COOPER: After the election Karl Rove told reporters he'd run his last presidential campaign, that, quote, "2008 is going to be left to someone who has a little bit more energy and interest." He took it back a month later telling "Newsweek" he spoke in haste, and adding, who knows.
ZAHN: None of us were too surprised to hear that. The past few days haven't been all pomp and circumstance. The celebrations have been going on, too. Glamorous celebrations. When we come back, we take you behind the gala rooms.
ZAHN: You're just looking at one of the many bands that helped mark the president's very important day today. We may not coronate royalty in this country but the inauguration of our president comes pretty darn close. Washington society celebrates big time. The parties are glamorous and very exclusive. Judy Woodruff takes us behind the velvet rose.
JUDY WOODRUFF, CNN ANCHOR (voice-over): The heat in here could melt the snow out there. Welcome to a top shelf Washington soiree, a fete so special it's thrown only once every four years. This is a quadrennial inauguration eve supper that well-known Washingtonian Buffy Kafritz (ph) and former Miss America Phyllis George have co- hosted since 1981. Teaming up with them, Clinton first friends Vernon and Ann Jordan and Bush buddies, Robert and Kelly Day (ph). The stars file in. Former vice presidential candidate Jack Kemp. Newsman Jim Lehrer. Inside, Colin Powell lets loose. Barbara Walters dazzles in diamonds. A Supreme Court justice trades his robe for a coat and tie and blends right in.
If there is a Washington A list, this is it. Of course, star power is all relative. Not a lot of Hollywood in the house tonight. Oh, wait. There's "American Idol's" Ryan Seacrest. See him? Kevin Chafee covers Capitol society for the "Washington Times." He knows fabulous. This party passes his test.
KEVIN CHAFEE, SR. EDITOR, "WASHINGTON TIMES": It's an extremely special type of event, almost like a wedding. The fact it happens only once every four years is extraordinary enough.
WOODRUFF: Right. So don't think every Washington night unfolds this way. Rewind. Tuesday, still freezing. But toasty inside Nathan's, a Georgetown saloon where Kevin Chafee is gnashing on mini goat cheese pizzas. Carol Ross Joynt hovers around her guest of honor, former White House photographer David Kennerly, whose pictures now grace the walls. It's a different crowd but the guest list follows the same Washington social recipe as the Kafritz gathering. There are diplomats, in this case, the Swedish ambassador. Senators.
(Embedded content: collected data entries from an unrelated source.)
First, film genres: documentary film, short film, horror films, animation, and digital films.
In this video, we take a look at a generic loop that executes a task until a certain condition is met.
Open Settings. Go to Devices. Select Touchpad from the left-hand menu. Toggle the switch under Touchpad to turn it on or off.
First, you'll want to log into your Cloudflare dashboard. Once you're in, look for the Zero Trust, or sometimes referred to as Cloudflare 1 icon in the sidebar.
There's John Sununu of New Hampshire, the spokespeople and ex- spokespeople Tori Clarke of Pentagon fame, in one of her trademark blazers.
Many Capitol nights are filled with events like this, populated by a never off the clock crowd.
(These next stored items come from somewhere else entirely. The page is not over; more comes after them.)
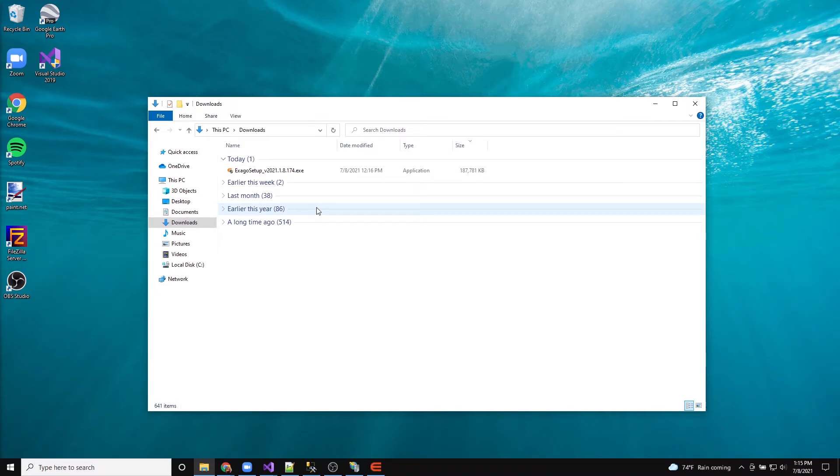Welcome back to the Exago Technical Training Series. In this video, we'll demonstrate how to install Exago on a Windows Server.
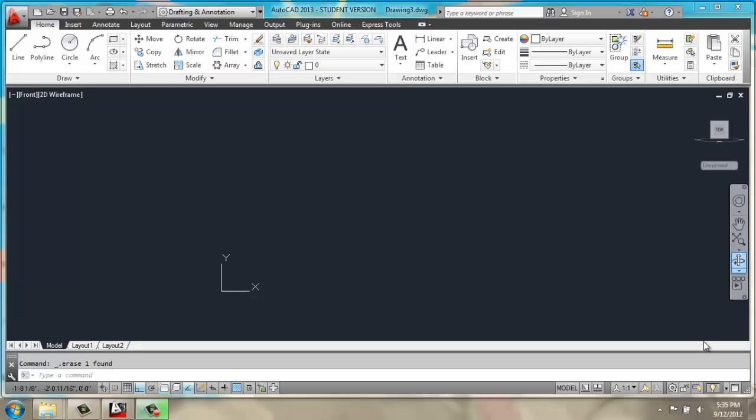In this video, we will be making a very simple coat rack. We'll be starting in the front view in 2D wireframe, and we'll have on ortho, object snap, and object snap tracking at the bottom of the screen.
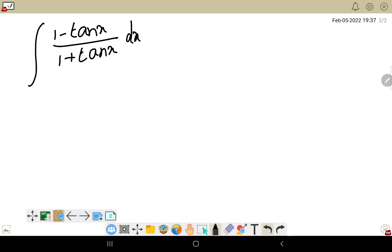You may wonder, there is no formula for this, so how to solve this sort of problem? Listen, whenever a tan x function is there, just convert it into sin x and cos x.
CAROL ROSS JOYNT, OWNER, NATHAN'S: I think Washington has a lot of parties where people celebrate each other and then use each other, and then make the most of it and walk away, satisfied or not, based on what they got out of each other. That's the way the city works. They work at the office and they work at the parties.
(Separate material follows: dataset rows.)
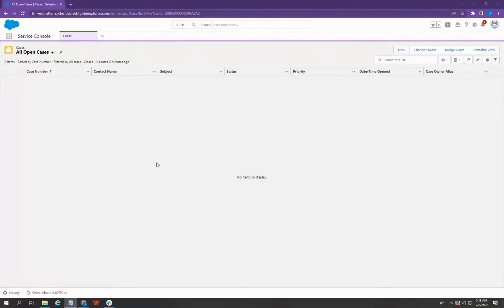Hi everyone, this is Chuck again of Cypress Learning and in this video I am going to show you how to set up the chat in your Salesforce.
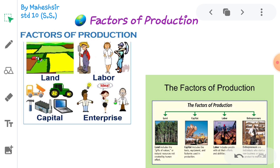Labor means mental and physical work done with the aim to obtain monetary gain. For example, a doctor must do mental work; without physical work, an operation will not be successful. Physical work done to gain money is counted as labor. Labor is a living factor of production.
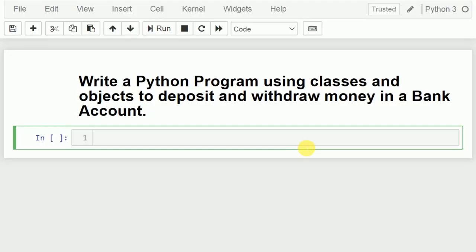Hi, welcome to this Python tutorial. In this video I will discuss how to write a Python program using classes and objects to deposit and withdraw money in a bank account. We need to use classes and methods, and we need to write different methods so that we can demonstrate how to deposit, withdraw, and inquire the money in a bank account.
And for a short while, at least, partisan hostility dissolves. But stop, you say. Your Kafritz invite was lost in the mail. You missed Carol Ross Joynt's call. But you still want to taste the Washington highlife. We've got you covered. The kitchen of Cafe Milano, a hot spot in a cold city. It opened the day Bill Clinton won the White House. The former president has now turned loyal customer.
FRANCO NUSCHESE, OWNER, CAFE MILANO: I think he usually likes to sit right in the main dining room, in the center of attention.
WOODRUFF: Here the maitre d's mind is a Rolodex of regulars and VIP's.
LAURENT MENOUD, MAITRE D', CAFE MILANO: I know where they like to seat, what they like to eat, what they like to drink. I know who they don't want to sit next to and things like that. WOODRUFF: He knows what to do when Dick and Lynne Cheney show up unexpectedly.
MENOUD: They said, "We just need a table for two." They didn't have reservations, and that was a big problem for us, but we solved it very fast.
WOODRUFF: Cheney is a big draw but not the biggest. The man at the tippy-top of Washington's social ladder is all but invisible on the city's party scene.
SALLY QUINN, AUTHOR: Bush has had absolutely no contact with the Washington community of any kind.
WOODRUFF: From her perch in an historic Washington home in Georgetown, journalist Sally Quinn reflects on changing times.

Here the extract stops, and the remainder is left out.